- **Exercise details**: Every record should be restated exactly, with no images included.

*** Opening of Source information ***

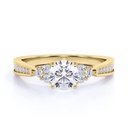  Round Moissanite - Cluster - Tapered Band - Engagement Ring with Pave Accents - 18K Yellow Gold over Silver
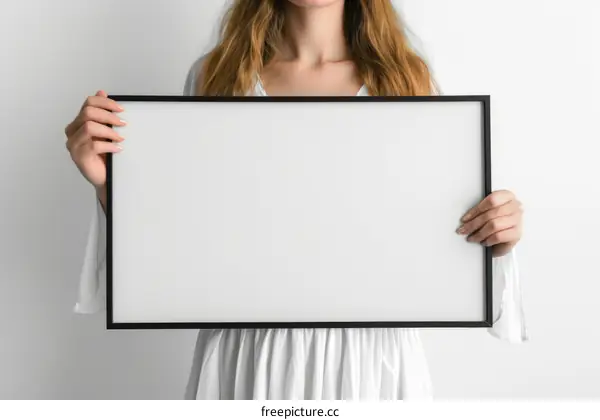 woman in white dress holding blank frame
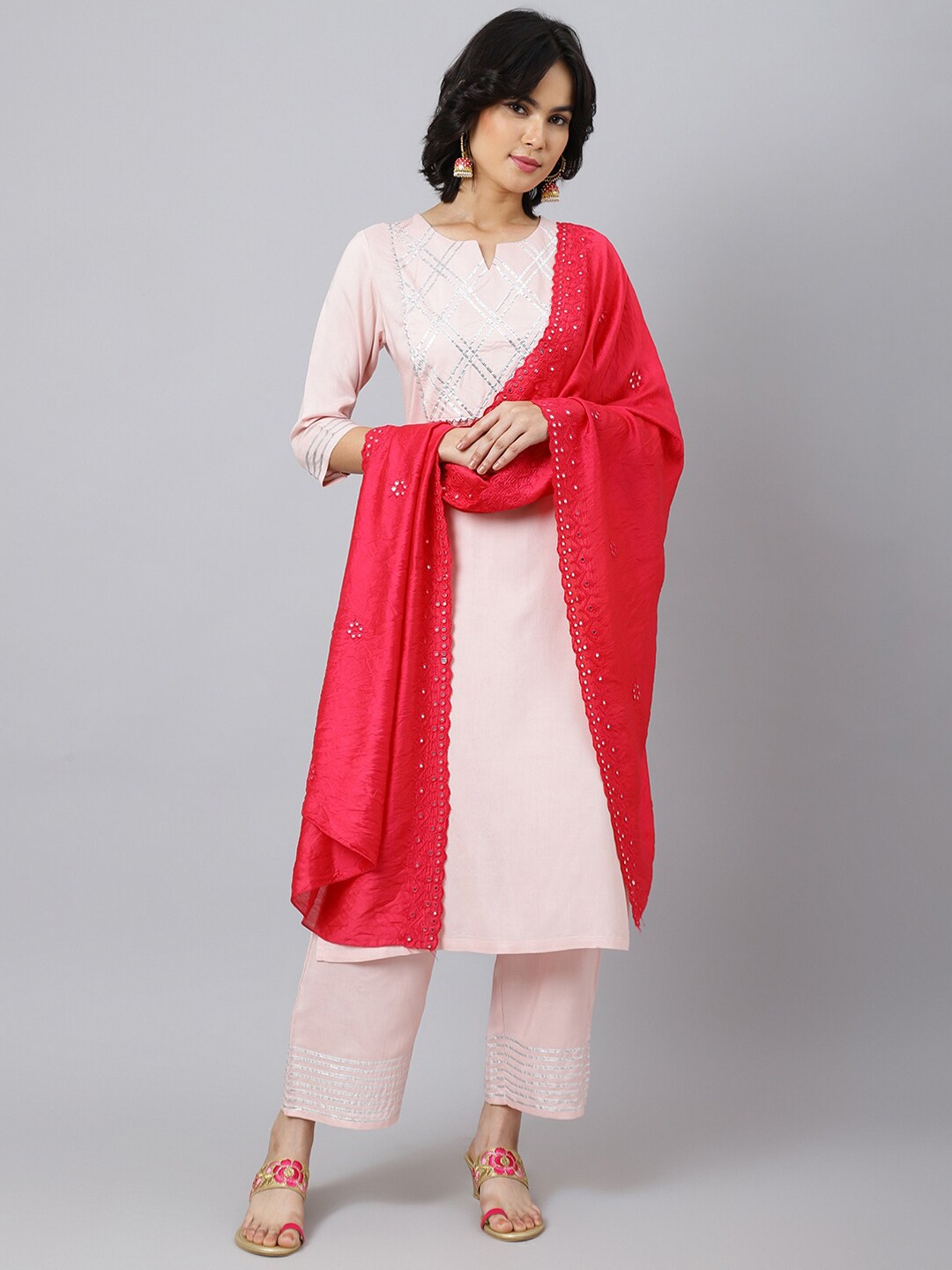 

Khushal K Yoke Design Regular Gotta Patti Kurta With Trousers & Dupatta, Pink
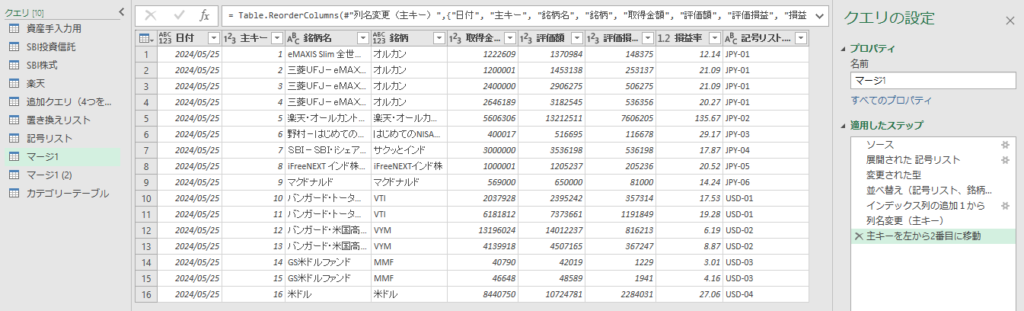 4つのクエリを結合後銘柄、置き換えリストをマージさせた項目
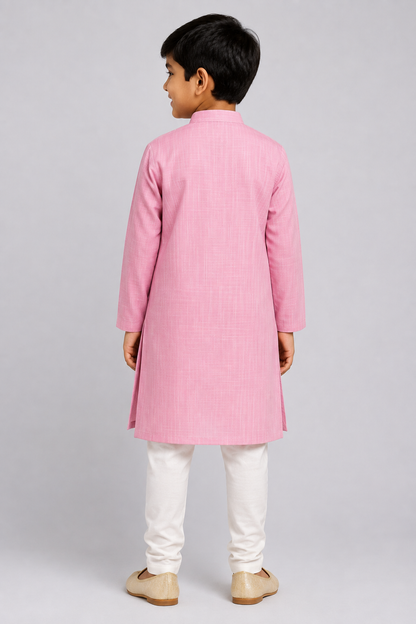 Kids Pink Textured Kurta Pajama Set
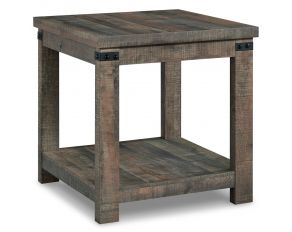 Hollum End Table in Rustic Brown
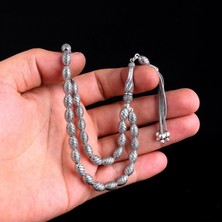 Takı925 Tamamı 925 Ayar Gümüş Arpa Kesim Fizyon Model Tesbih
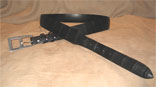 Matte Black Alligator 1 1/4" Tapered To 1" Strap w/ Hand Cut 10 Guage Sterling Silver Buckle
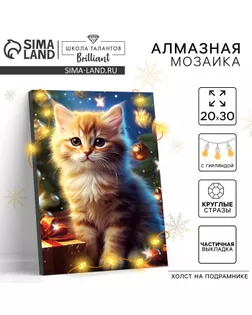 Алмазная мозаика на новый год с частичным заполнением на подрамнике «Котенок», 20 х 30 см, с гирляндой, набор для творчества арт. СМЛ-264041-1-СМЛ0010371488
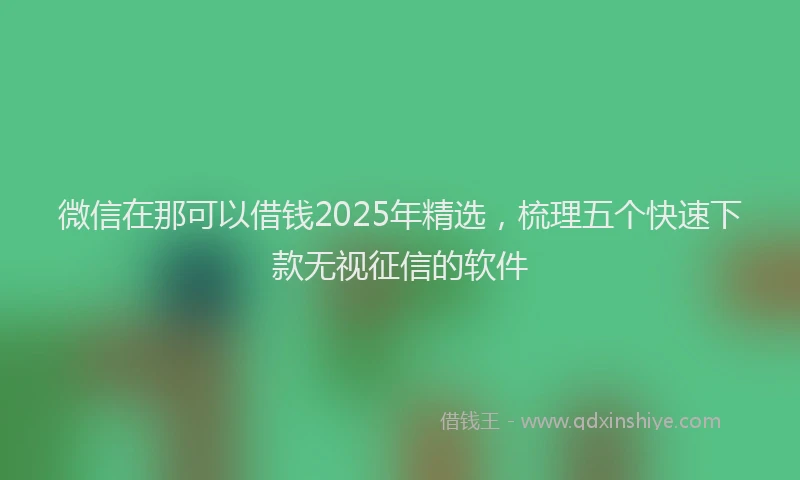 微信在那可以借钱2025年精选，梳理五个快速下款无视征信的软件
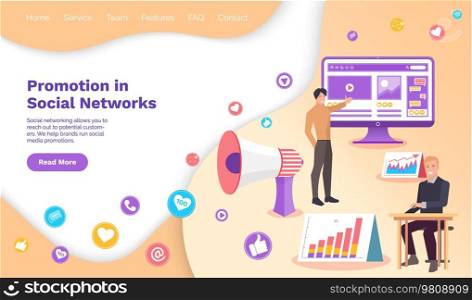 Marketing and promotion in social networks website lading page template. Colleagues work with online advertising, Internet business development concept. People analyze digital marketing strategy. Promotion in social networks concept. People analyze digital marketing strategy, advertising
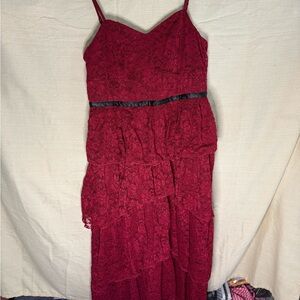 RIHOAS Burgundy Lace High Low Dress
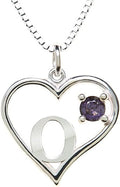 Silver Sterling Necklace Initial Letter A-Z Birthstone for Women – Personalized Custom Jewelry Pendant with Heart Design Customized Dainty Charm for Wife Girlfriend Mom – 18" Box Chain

*** Close of Source information ***

- **Exercise response**:
  Round Moissanite - Cluster - Tapered Band - Engagement Ring with Pave Accents - 18K Yellow Gold over Silver
 woman in white dress holding blank frame

Khushal K Yoke Design Regular Gotta Patti Kurta With Trousers & Dupatta, Pink
 4つのクエリを結合後銘柄、置き換えリストをマージさせた項目
 Kids Pink Textured Kurta Pajama Set
 Hollum End Table in Rustic Brown
 Takı925 Tamamı 925 Ayar Gümüş Arpa Kesim Fizyon Model Tesbih
 Matte Black Alligator 1 1/4" Tapered To 1" Strap w/ Hand Cut 10 Guage Sterling Silver Buckle
 Алмазная мозаика на новый год с частичным заполнением на подрамнике «Котенок», 20 х 30 см, с гирляндой, набор для творчества арт. СМЛ-264041-1-СМЛ0010371488
 微信在那可以借钱2025年精选，梳理五个快速下款无视征信的软件
 Marketing and promotion in social networks website lading page template. Colleagues work with online advertising, Internet business development concept. People analyze digital marketing strategy. Promotion in social networks concept. People analyze digital marketing strategy, advertising
 RIHOAS Burgundy Lace High Low Dress
 Silver Sterling Necklace Initial Letter A-Z Birthstone for Women – Personalized Custom Jewelry Pendant with Heart Design Customized Dainty Charm for Wife Girlfriend Mom – 18" Box Chain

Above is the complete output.